If the reflux makes it all the way up through the upper sphincter and into the back of the throat, it is called LPR rather than GERD. The structures in the throat (pharynx, larynx, and lungs) are much more sensitive to stomach acid and digestive enzymes, so smaller amounts of the reflux into this area can result in more damage.

Smoking is another cause of hoarseness. Because smoking is the major cause of throat cancer, if smokers become hoarse, they should see an otolaryngologist.

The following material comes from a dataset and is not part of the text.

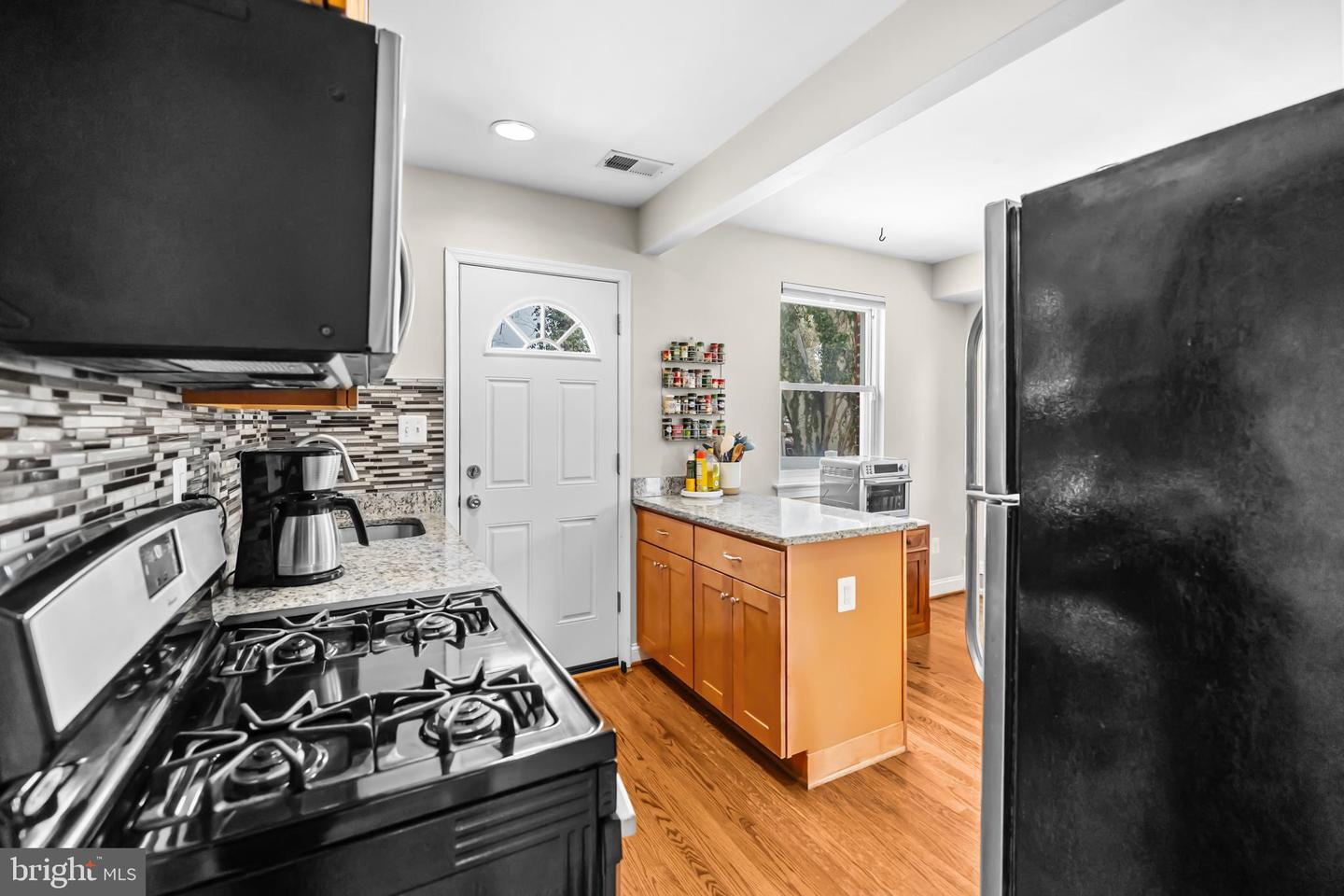 2942 M ST SE, WASHINGTON, District Of Columbia 20019, 2 Bedrooms Bedrooms, ,2 BathroomsBathrooms,Residential,For sale,2942 M ST SE,DCDC2240212 MLS # DCDC2240212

Hoarseness can also appear in those who have neurological diseases such as Parkinson’s or a stroke, or may be a symptom of spasmodic dysphonia, a rare neurological disorder that usually affects only the voice, but sometimes affects breathing. If a vocal cord becomes paralyzed, it usually results in a weak, breathy voice. Seek treatment from a neurologist if concerns persist.

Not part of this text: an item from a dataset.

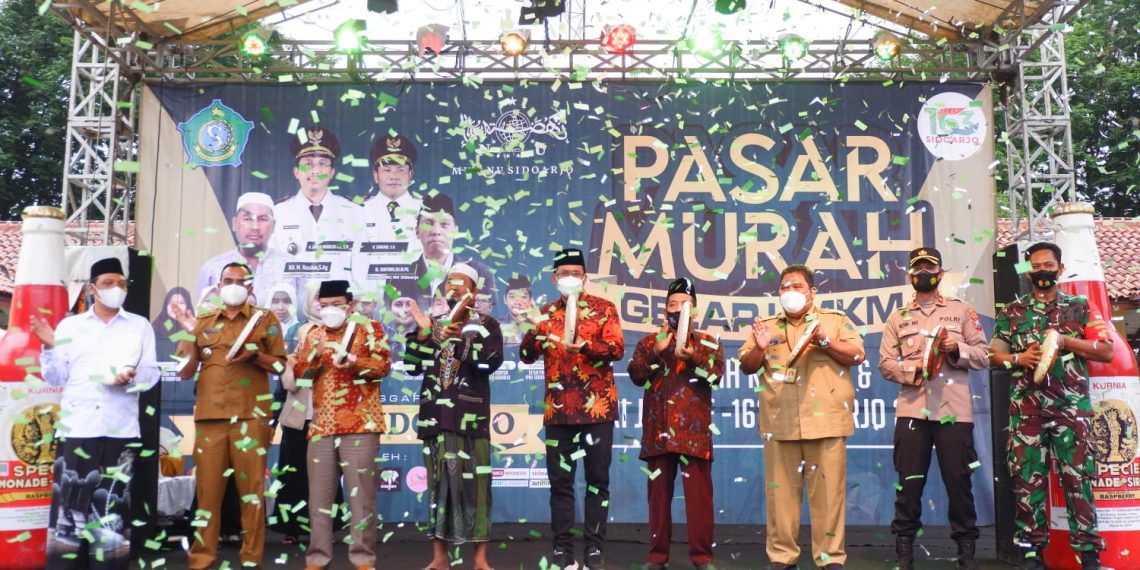 SMK Plus NU Fasilitasi Tes Kesehatan Gratis Dalam Gelar Pasar Murah Produk UMKM MWC NU Sidoarjo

These include allergies, thyroid problems, trauma to the voice box, and, occasionally, menstruation. Very serious conditions such as laryngeal cancer can also cause hoarseness, which is why it is important to have chronic hoarseness evaluated by an otolaryngologist immediately.

Preventing Hoarseness

  • If you smoke, quit
  • Avoid alcohol and caffeine which dehydrate the body
  • Avoid secondhand smoke
  • Stay hydrated—drink plenty of water
  • Humidify your home
  • Watch your diet – avoid spicy foods
  • Try not to use your voice too long or too loudly
  • Use a microphone if possible in situations where you need to project your voice
  • Seek professional voice training
  • Avoid speaking or singing when your voice is injured or hoarse

Evaluating the Throat

If you are dealing with hoarseness and notice the following, please seek medical evaluation:

  • If hoarseness lasts longer than two weeks
  • If you have a history of smoking
  • If you do not have a cold or flu
  • If you are coughing up blood
  • If you have difficulty swallowing
  • If you feel a lump in the neck
  • If you observe loss or severe changes in voice lasting longer than a few days
  • If you experience pain when speaking or swallowing
  • If difficulty breathing accompanies your voice change

Otolaryngologists will obtain a thorough history regarding your hoarseness and general health. They will then evaluate your voice and do a complete ear, nose, and throat exam. This includes examination of the vocal cords. Doctors usually look at the vocal cords either with a mirror placed in the back of the throat, or with a very small, lighted flexible tube (fiberoptic scope) that is passed through the nose to view the vocal cords. These procedures are well tolerated by most patients. In some cases, special tests designed to evaluate the voice may be recommended which can measure vocal irregularities, degree of airflow, and other characteristics that are helpful in guiding treatment.

Treating Hoarseness

The treatment of hoarseness depends on the cause. Many causes of hoarseness can be treated simply by resting the voice or modifying how it is used. Problems with the voice are often best managed by a team of professionals who know and understand how the voice functions. These professionals are otolaryngologists, speech/language pathologists, and teachers of singing, acting, and public speaking.